Com medo de dar azar, não tive coragem de matar
minha mãe ou uma das minhas nove irmãs, todas vivas. Ainda me passou pela
cabeça fuzilar uma delas, a Pretinha, batizada Maria Aparecida, que sofria de
asma. Mas ele não ia acreditar. Seria uma morte inútil. Resolvi falar a
verdade:
- Ninguém morreu. Foi uma namorada. Faltei essa e
outras vezes pra sair com ela. Pode me demitir.
Zé da Cachorra
Já me sentia no olho da rua. No entanto,
surpreendentemente, Miguel Borges mudou o tom de voz, me deu um abraço
carinhoso e, com um largo sorriso, disse conciliador, deixando a redação
inteira estupefata:
- Namorada? Porra, Riba, por que você não avisou
logo desde o início? Pra mim, esse é o único motivo válido para faltar ao
trabalho: UMA MULHER. Tá justificado. A próxima vez, avisa antes. Agora, vai
trabalhar.
Lembrei que no Zé
da Cachorra, enquanto o grileiro cooptava o político corrupto, depois de
uma orgia, a câmara, ou seja os olhos do Miguel Borges escaneavam o corpo de
uma mulher, percorrendo-o de ponta à ponta.

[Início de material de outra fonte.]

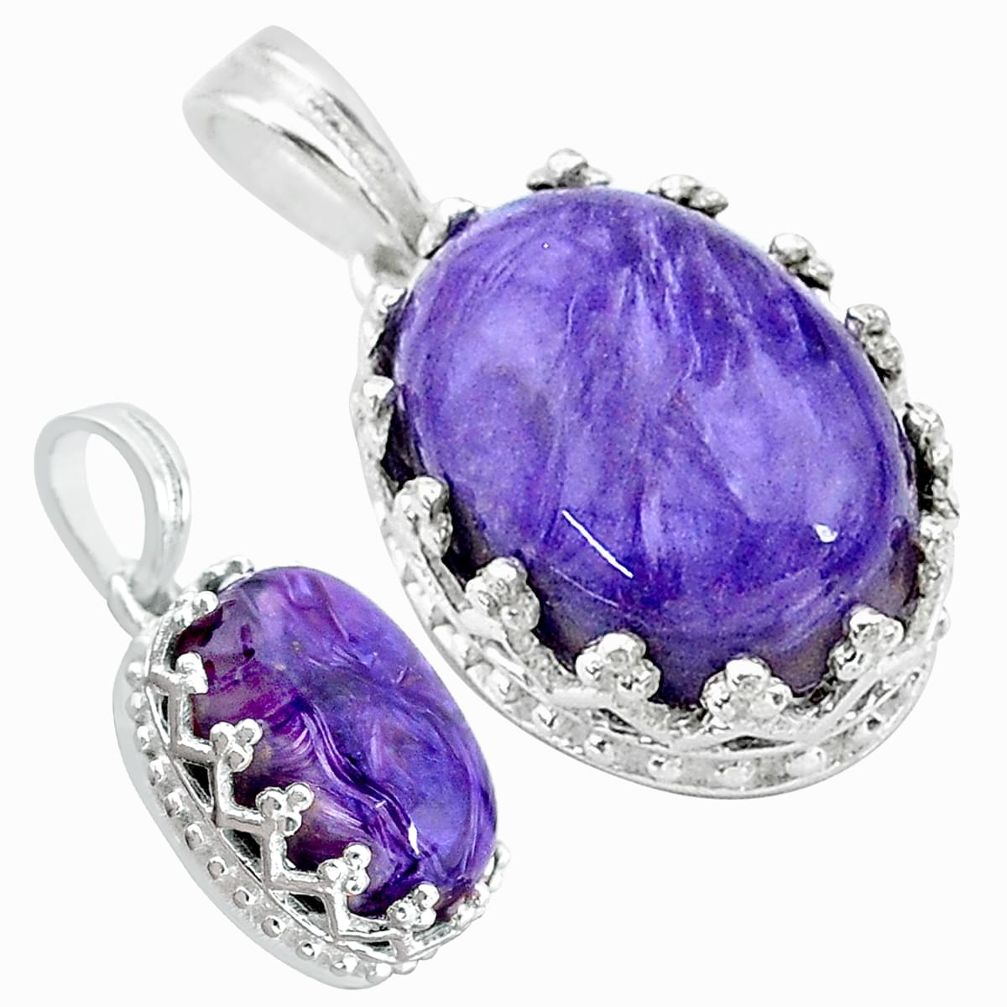 925 sterling silver 6.26cts natural purple charoite (siberian) pendant t20533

Esse foi o Miguel Henrique Borges, 76 anos, o
menino beijado por tantas Marias Bonitas e que nos deixou nesta semana, vítima
de uma parada cardíaca. Morreu em São Lourenço (MG), onde vivia desde 1997.

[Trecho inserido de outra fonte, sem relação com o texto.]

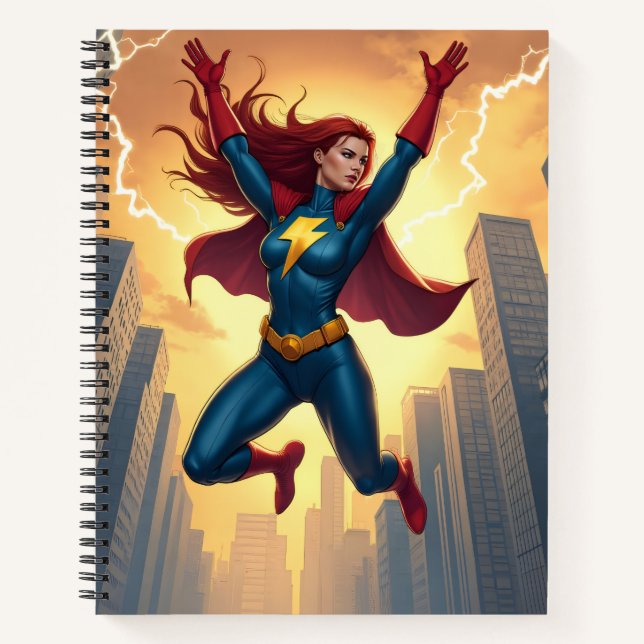 Lightning Woman Superhero Notebook (Front)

Antes dele, se foram Felix Athayde, Newton Rodrigues, Joel Silveira. Ele é o
último dos grandes editores de O PAÍZ - um
diário vespertino que durou de agosto a dezembro de 1968, uma existência tão
fugaz que sequer consta na biografia de Miguel Borges, mas que marcou quem com
ele conviveu.
- Meu gordinho não tinha idade para morrer. E ele
estava muito feliz - declarou ao Globo
sua mulher, Maria Elisa Garcia, que o conheceu em 1984, na Banda de Ipanema.
No avião que me leva a um evento acadêmico em
Uberlândia, no Museu do Índio da Universidade Federal (UFU), enquanto tiro um
cochilo, ouço Borges me cobrar:
- Essa é a notícia. Por que você não cobriu as
manifestações de rua? Por que faltou? Quem morreu agora?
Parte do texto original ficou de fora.